# REQUIRED ACTION
The records that follow are to be given again exactly, with their pictures omitted.

Caption-style text data:
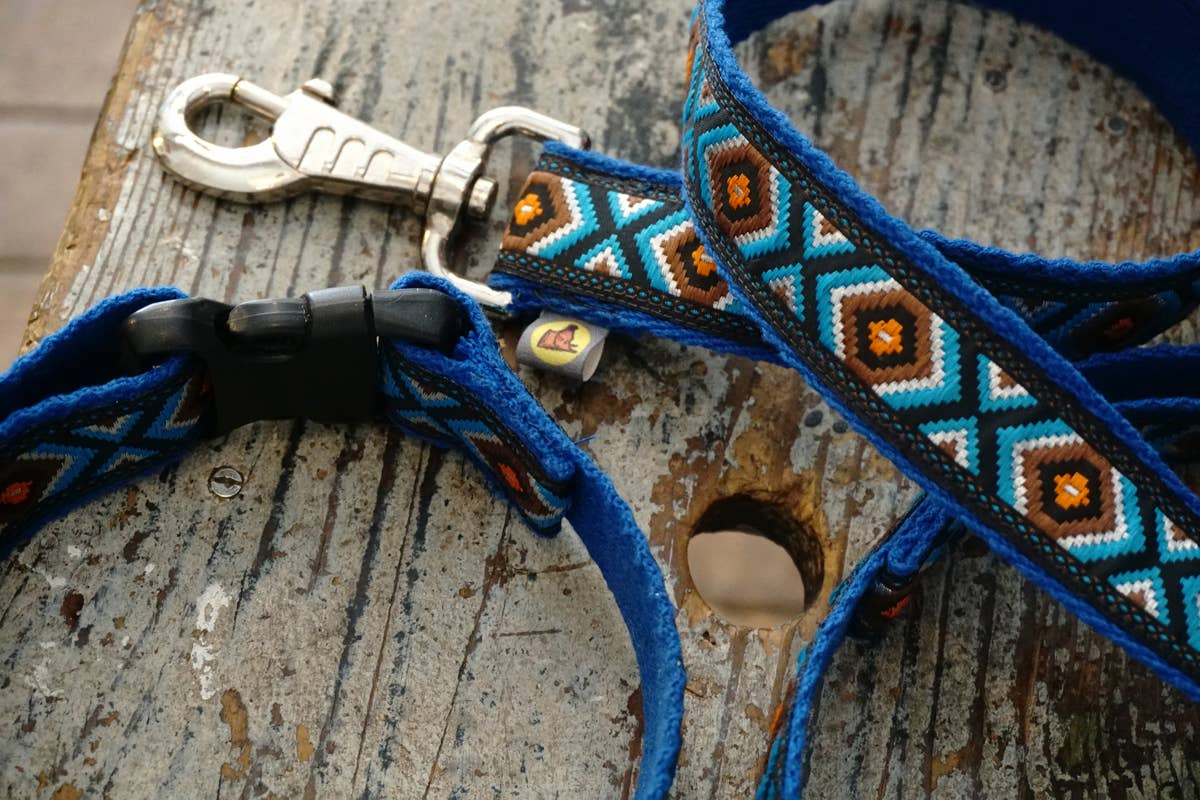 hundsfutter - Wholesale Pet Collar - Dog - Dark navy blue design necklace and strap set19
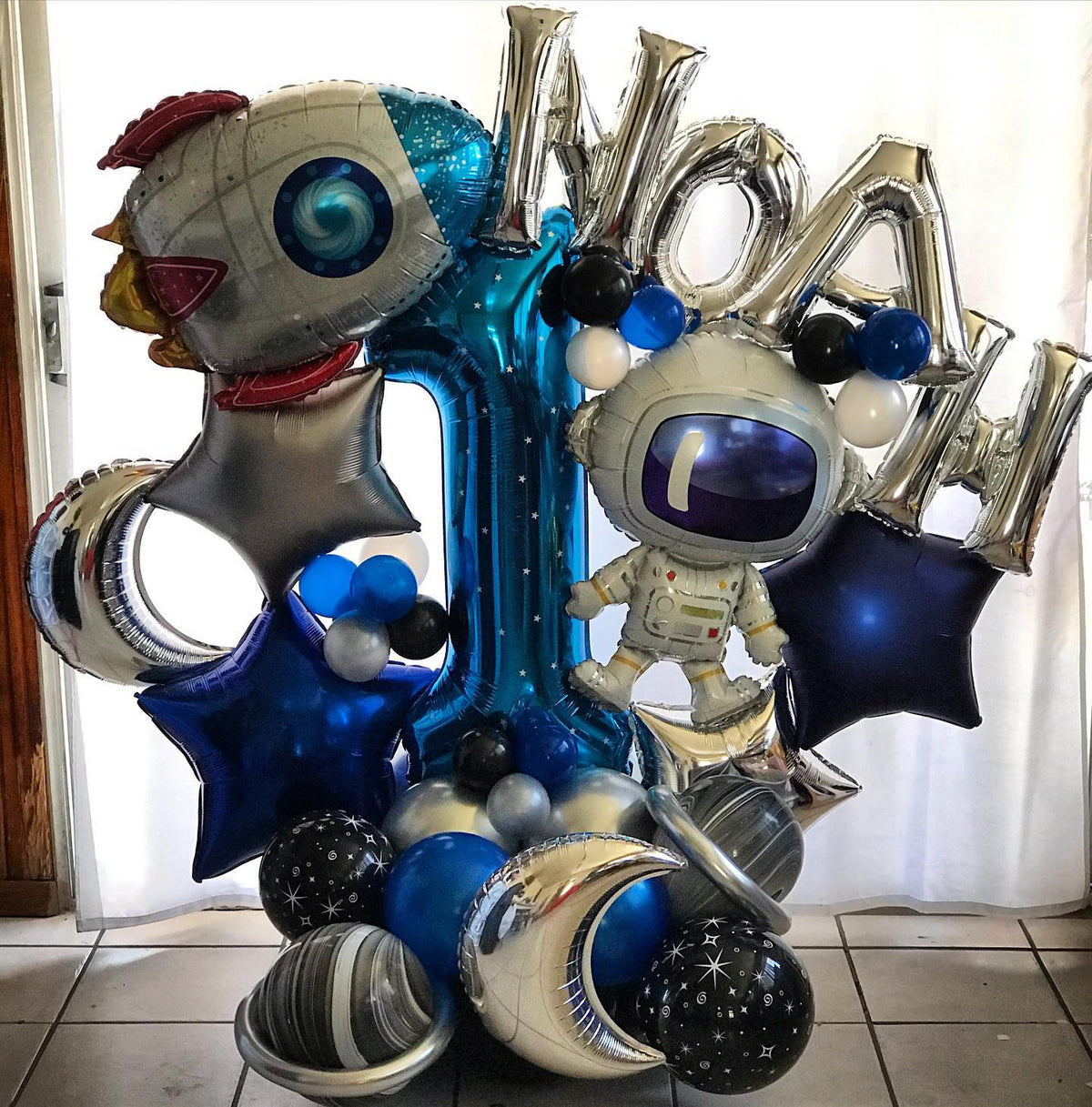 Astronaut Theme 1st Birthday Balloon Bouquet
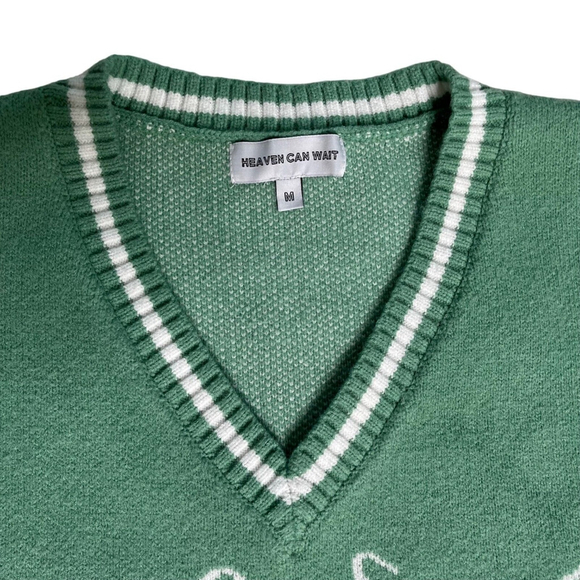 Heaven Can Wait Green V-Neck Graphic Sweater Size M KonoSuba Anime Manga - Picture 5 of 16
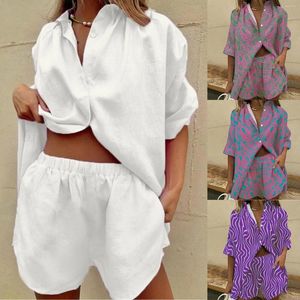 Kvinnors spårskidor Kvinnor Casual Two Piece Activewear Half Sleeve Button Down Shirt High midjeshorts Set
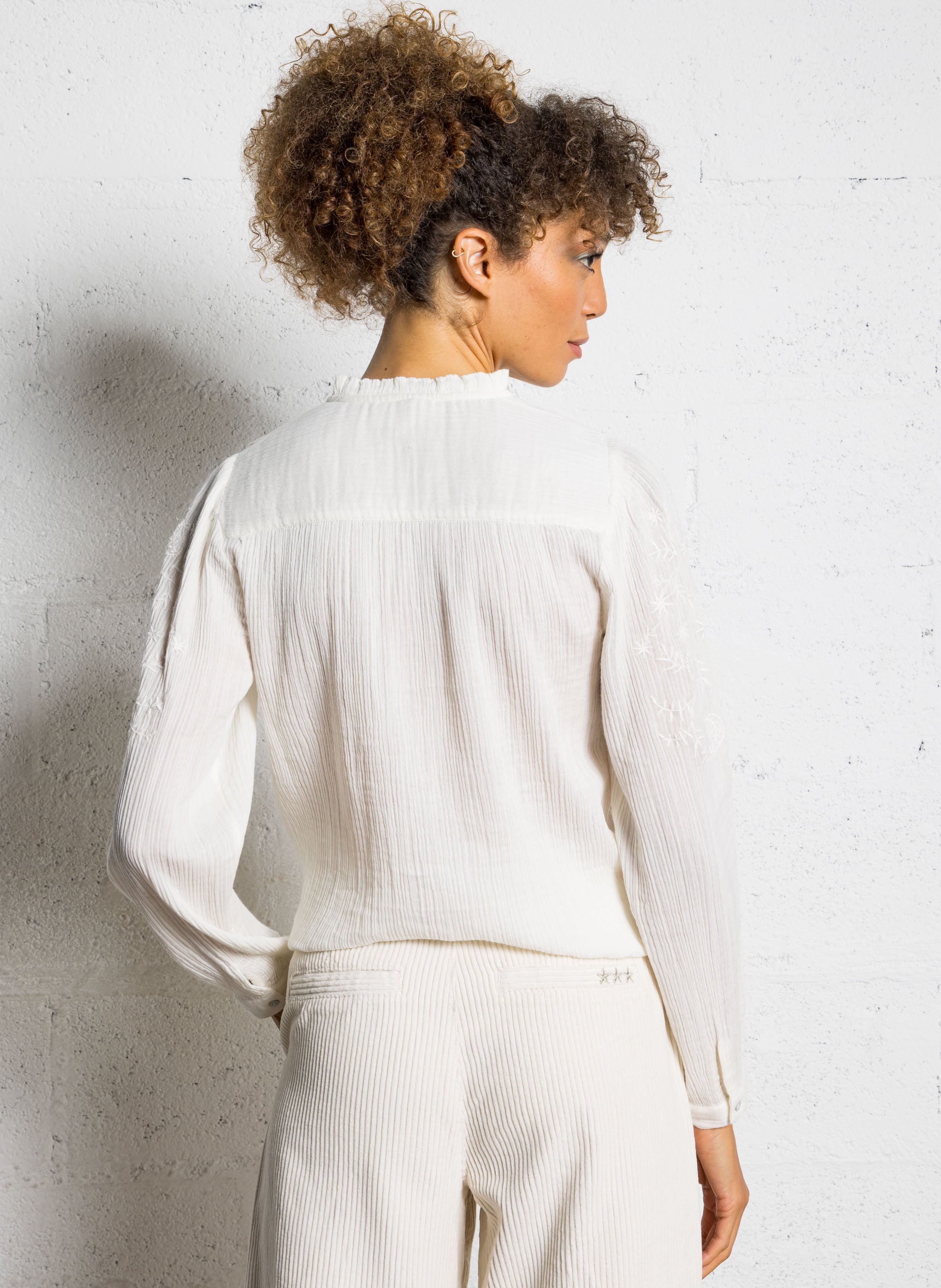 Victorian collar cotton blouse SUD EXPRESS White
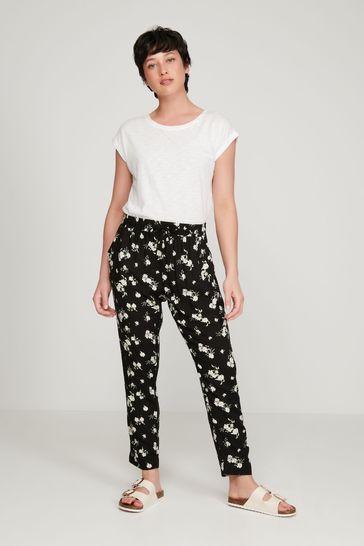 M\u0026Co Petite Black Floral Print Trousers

# TASK RESPONSE
 hundsfutter - Wholesale Pet Collar - Dog - Dark navy blue design necklace and strap set19
 Astronaut Theme 1st Birthday Balloon Bouquet
 Heaven Can Wait Green V-Neck Graphic Sweater Size M KonoSuba Anime Manga - Picture 5 of 16
 Kvinnors spårskidor Kvinnor Casual Two Piece Activewear Half Sleeve Button Down Shirt High midjeshorts Set
 Victorian collar cotton blouse SUD EXPRESS White
 M\u0026Co Petite Black Floral Print Trousers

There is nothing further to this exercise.